Everything You Are(6)
“Ten-four. Loud and clear.” He chases memories into shadowy corners looking for a name and a face to connect with the voice and finally finds it. The face is tight lipped, hard eyed, clearly disapproving of anything and everything Braden. Even back then, when he was the golden boy, beloved of the gods, and not a down-and-out bum trying to drink himself to death in a shit-hole apartment.
Lilian’s sister, Alexandra. Allie’s godmother. He’d argued against naming his daughter after her. Even Lilian wasn’t overly fond of the name, but he couldn’t argue with her reasons. “Alexandra is family, Braden. The only sister I have.” And that ended his resistance because he knew, all too well, that family is a fact that refuses alteration.
“We have a situation,” Alexandra says now. “Please tell me you’re sober.”
“I am never sober, thank God. Where is Lilian and why on earth are you calling me?”
A lie. He is momentarily and temporarily sober, the one problem for which he has a solution. But he doesn’t reach to fill his empty glass. Not just yet.
Alexandra makes a strangled gasping sound that from any other human might be a sob.
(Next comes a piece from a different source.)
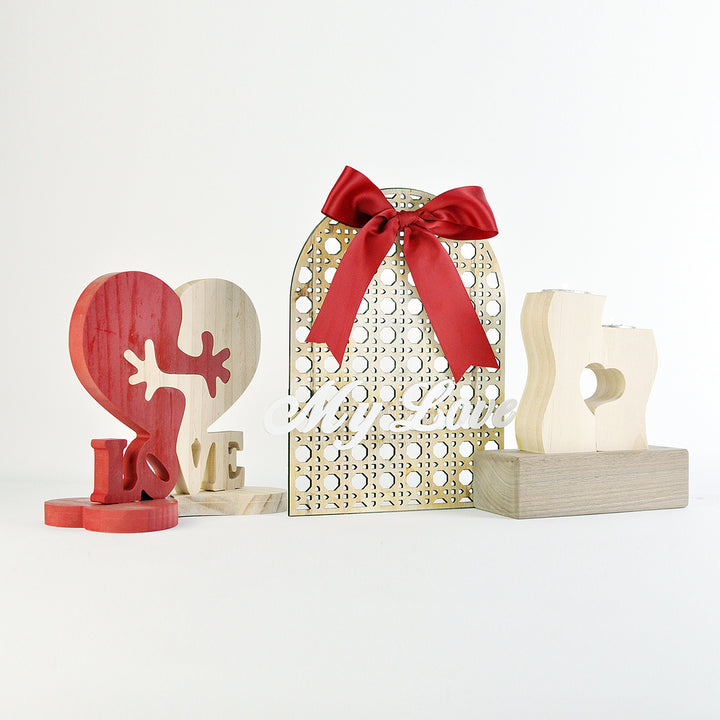 Romantic heart-shaped wooden gift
He’s still trying to picture that emotion on her when she finally says the thing she’s called him to say.
“Lilian has gone to be with Jesus.”
Braden waits for these words to arrange themselves into a meaningful sequence. Clearly, Alexandra doesn’t mean to use the euphemism for death. Lilian has never been marked for death, she is beyond and above it. So “gone to be with Jesus” must mean she’s becoming a nun, or going on a religious retreat, maybe attending an intensive Pentecostal camp meeting.
“Braden?”
“I don’t think I heard you.”
“Lilian has passed on to the other side. She’s singing with the angels now.”
Braden fills his glass, watching his hand lift the bottle and pour as if it doesn’t belong to him, as if he is a bystander whose heart will not be shattered by the next thing Alexandra is going to say.
“There was a car accident. A crash. They think she fell asleep.”
He notices, from a vantage point up near the ceiling, that he can’t breathe, that his heart is running off with a rhythm of its own. Watches himself slide down the cabinets to the tacky, unwashed kitchenette floor. Words are expected, and he utters the first ones that come into his head.
“When? How are the kids?”
“Monday.”
Braden does the math, the number of days from Monday to Thursday divided by the distance between him and the drink he just poured, multiplied by the enormity of his failure and loss. All the calculations come out to the same answer: he is a miserable excuse for a human being.
Monday.
The day he started drinking again after nearly six months of sobriety.
Monday.
The day he was supposed to meet his daughter face-to-face after eleven years of absence.
If Lilian had to leave this world and abandon the kids, why did it have to be on that particular Monday, of all the days in the year?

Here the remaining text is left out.